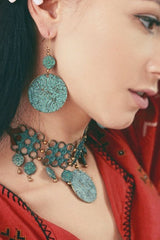 Vintage Nepal Style Necklace+Earrings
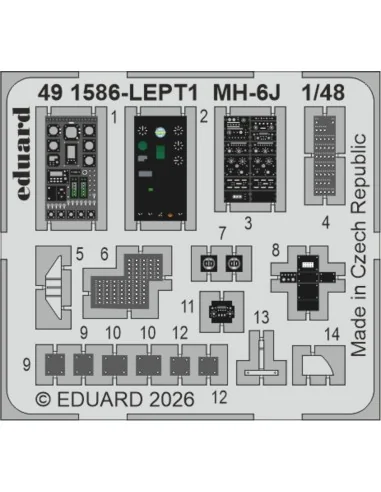 MH-6J for ICM, 1/48 - Eduard Accessories BIG49478
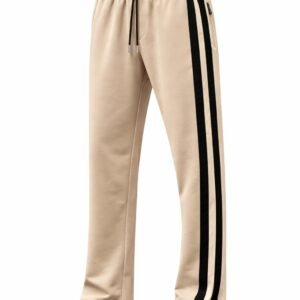 Men’s Relaxed Fit Trousers – SAND BEIGE
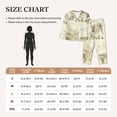 thumbnail image 4 of Sigee American Monuments for Women’s Pajama Sets Long-Sleeved Pjs Sets for Women 2 piece Sleepwear-XX-Large, 4 of 7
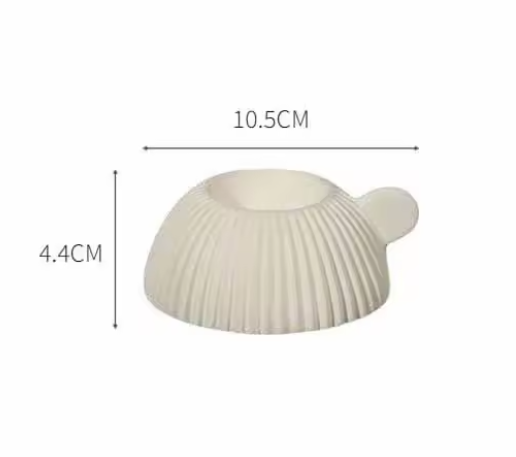 White Ceramic Candle Holder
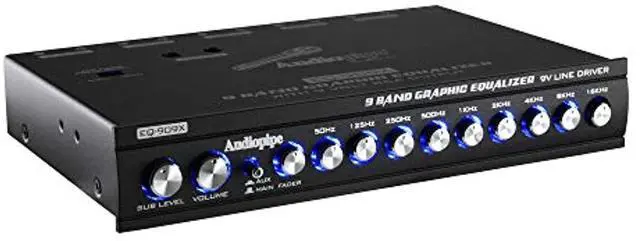 Alt view image 17 of 19 - Audiopipe EQ909X Voltage Display 9 Band Equalizer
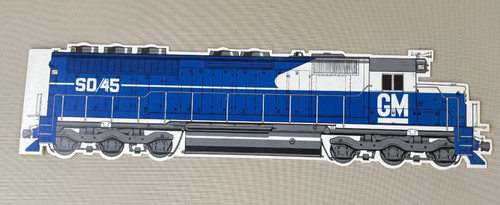Vintage General Motors EMD SD45 Die-Cut Fold Out Brochure Booklet Railroad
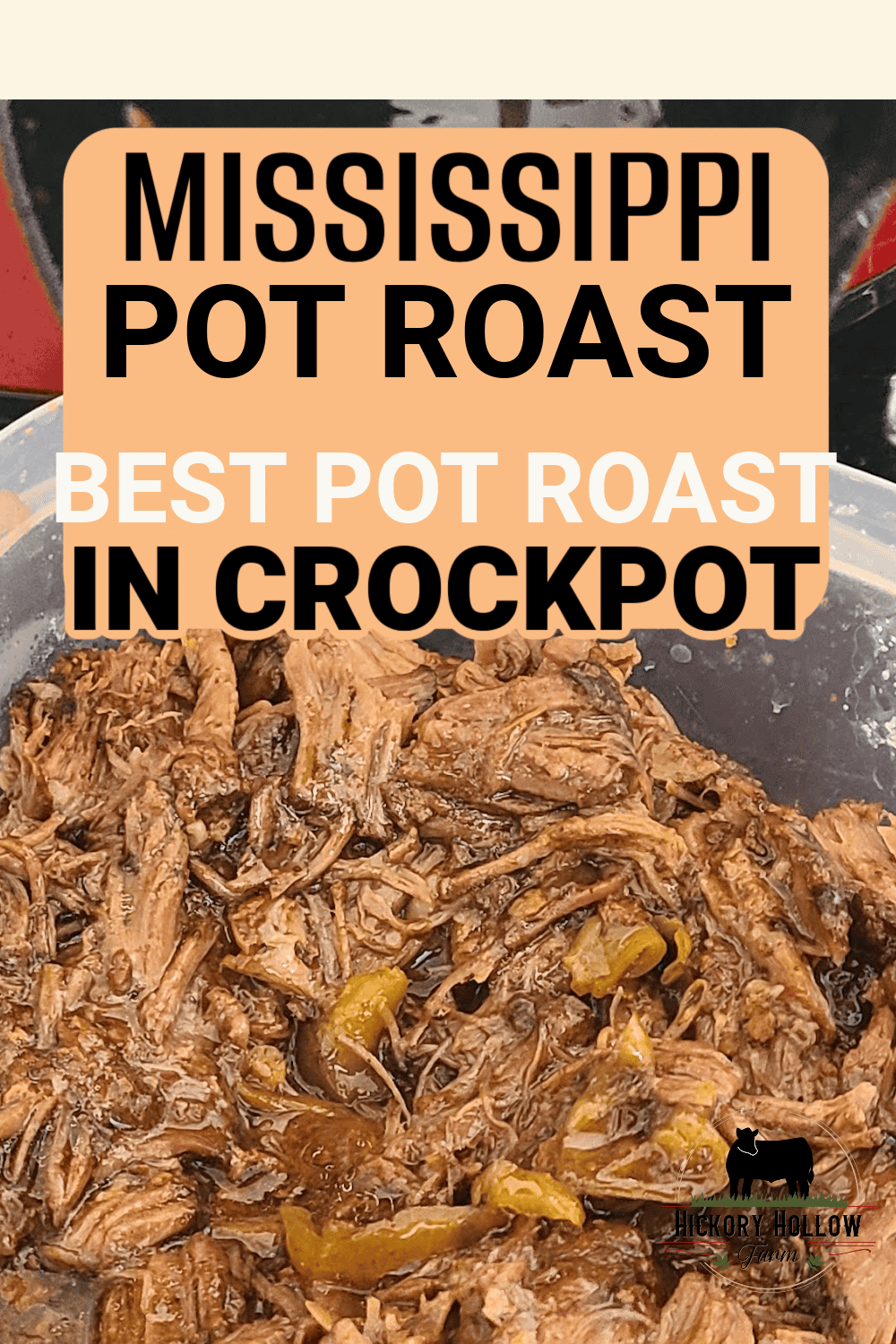 Mississippi pot roast crockpot recipe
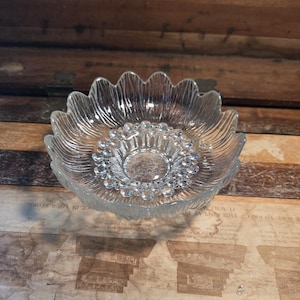 Lotus Bowl Lead Crystal Lausitzer Vintage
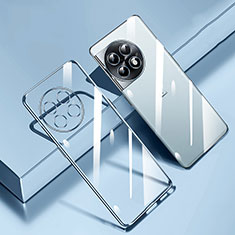 Silikon Schutzhülle Ultra Dünn Flexible Tasche Durchsichtig Transparent H01 für OnePlus Ace 2 5G Blau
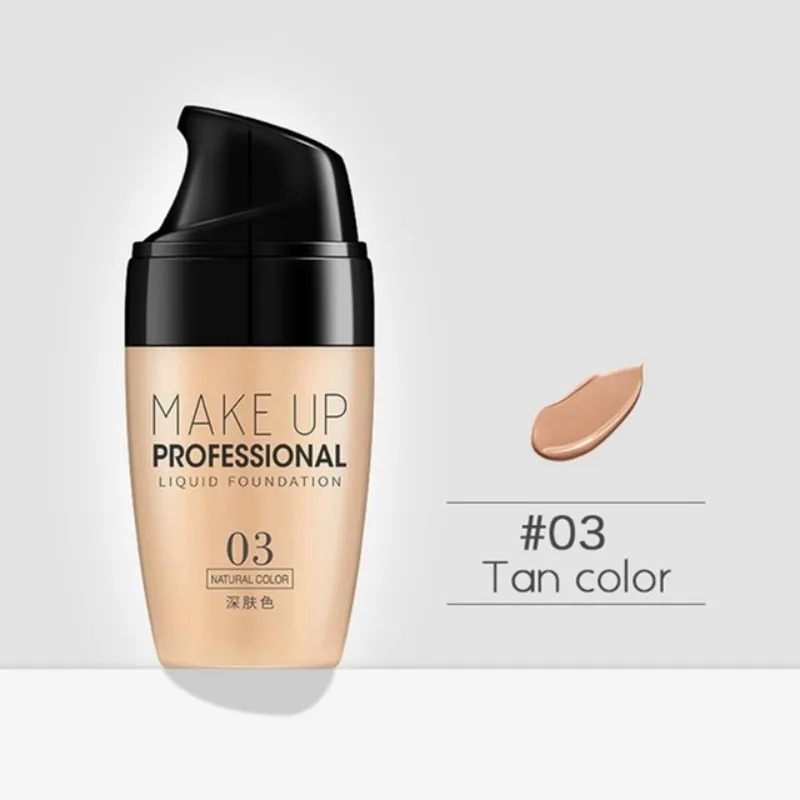 Dark Skin Color Косметический крем для лица водостойкий стойкий консилер жидкий профессиональный макияж полное покрытие матовая основа макияж - Цвет: Dark Skin Color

---

• [YOUR ASSIGNMENT]: Reproduce the lines above beginning at the line that contains "thumbnail image 4" and ending at the line that contains "Alt view image". No pictures.

• [RESPONSE]:
 thumbnail image 4 of Sigee American Monuments for Women’s Pajama Sets Long-Sleeved Pjs Sets for Women 2 piece Sleepwear-XX-Large, 4 of 7
 White Ceramic Candle Holder
 Alt view image 17 of 19 - Audiopipe EQ909X Voltage Display 9 Band Equalizer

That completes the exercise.